The caves at Mulu National Park bring travellers from around the world, most notably for the famous bat exodus from Deer Cave.
When I was spending time in Mulu I had the pleasure of checking out Deer Dave, along with Langs, Clearwater and Cave of the Winds caves. Each one had it’s own appeal and unique characteristics. But first, my favourite…as with most people who visit, was Deer Cave.
This is a massive cave that boasts the largest cave entrance in the world! The walk into the cave is along a mountainside pathway, and you sort of come around a corner to the cave entrance, not getting to appreciate it’s full size until you’re inside it, looking back out. Cavernous is an appropriate word for Deer Cave.
The trail here is fun to walk along and spot odd formations from the carved out limestone cave, which once had a powerful river running through it. Your walk will take you to some cool spots in the cave like the Garden of Eden Pools.
It is also home to millions of bats that live high up above in the interior ceiling of the cave. There are also a ton of ugly critter like beetles and spiders, but you don’t really see them unless you shine your light into the darkness away from the footpaths. There is a viewing platform area way back down below that provides a panoramic view of the limestone mountain and cave entrance. People gather there around dusk to watch the millions of bats fly out of the cave.
A much smaller cave, Langs Cave has the most impressive entrance way. It’s like a huge mouth opened up and put this cave on display As with Deer Cave and any other caves you visit in Mulu, don’t forget to bring a headlamp / torch with you as it can get dark in some areas inside the cave.
Lots of stalactites and stalagmites are found in this cave, which isn’t far from the larger Deer Cave. As with all of the caves you’re allowed to explore, there is a smooth pathway of boardwalks, staircases and platforms built inside the cave to keep you from touching (destroying) the sometimes fragile environment.
Cave of the Winds
Located in a different, further away part of the park, getting to Cave of the Winds and Clearwater Cave is a fun hike. It’s not very strenuous, and you might spot butterflies, squirrels and other creatures along the 3.8km trail. Alternatively, you can take a longboat from the park headquarters early in the morning…but I’d suggest taking the hike at your own pace.

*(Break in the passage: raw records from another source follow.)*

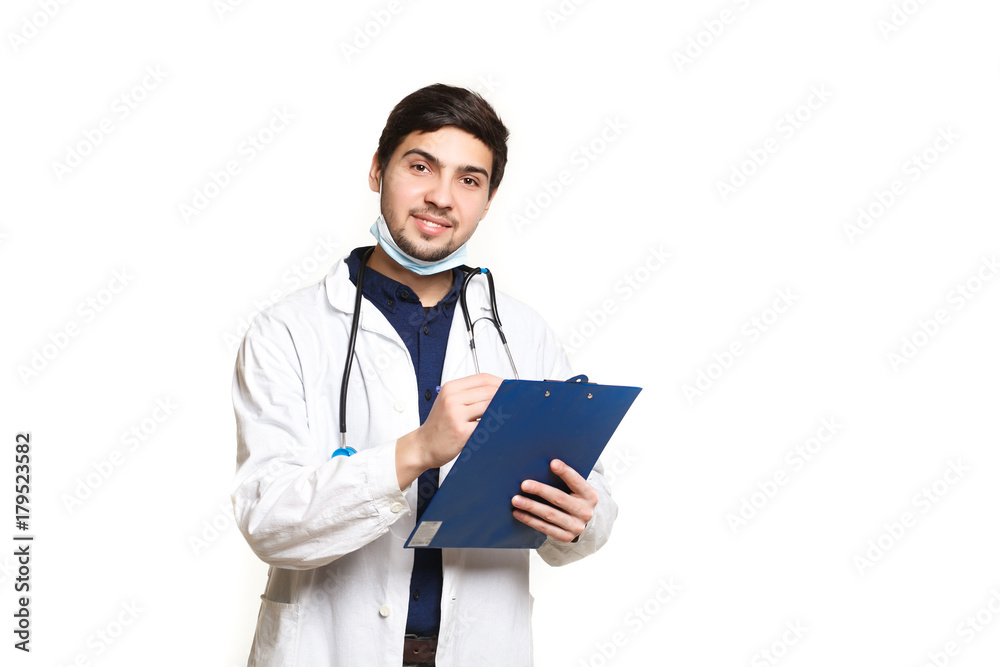 beautiful young doctor in a dressing gown with a stethoscope on a white background in the studio,with the ass, records a medical history beautiful young doctor in a dressing gown with a stethoscope on a white background in the studio,with the ass, records a medical history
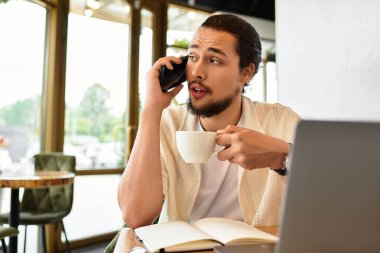 Genç bir adam yaz boyunca hayat dolu bir kafe ortamında kahvesini yudumlarken iş telefonuna cevap veriyor..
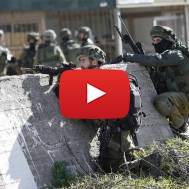 IDF soldiers take positions during a raid to arrest a Palestinian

At Cave of the Winds, you experience just that – a cool, windy cave. But also there are skylights high above the cave floor, allowing light to pierce through in sort of artistic fashion. When you’re not staring up in this cave, being impressed by it’s size, there are huge columns of calcite around in an area known as the King’s Chamber. Pretty cool stuff when you realize just how long it takes to create these structures!
With plenty of stalactites ‘dripping’ down from the edge of the mountain along the entrance of this cave, you can get some photos in better light here. I made the mistake of forgetting my tripod when exploring the caves, so almost all of my interior photos turned out blurry and unusable!
Clearwater Cave is your place to relax, after exploring it’s network of paths. There is a river here that goes on for more than 170km underneath these mountains winding through various caves! It exists the cave nearby and you can go for a picnic and swim here – something you’ll cherish after spending a few hours in the sweltering heat and humidity of Borneo!
Each cave at Mulu showcases different types of structures or features so it really is worth spending a whole day exploring them. If you have extra time you can delve even deeper into the caves by doing some adventure caving at Turtle Cave or Lagang Cave.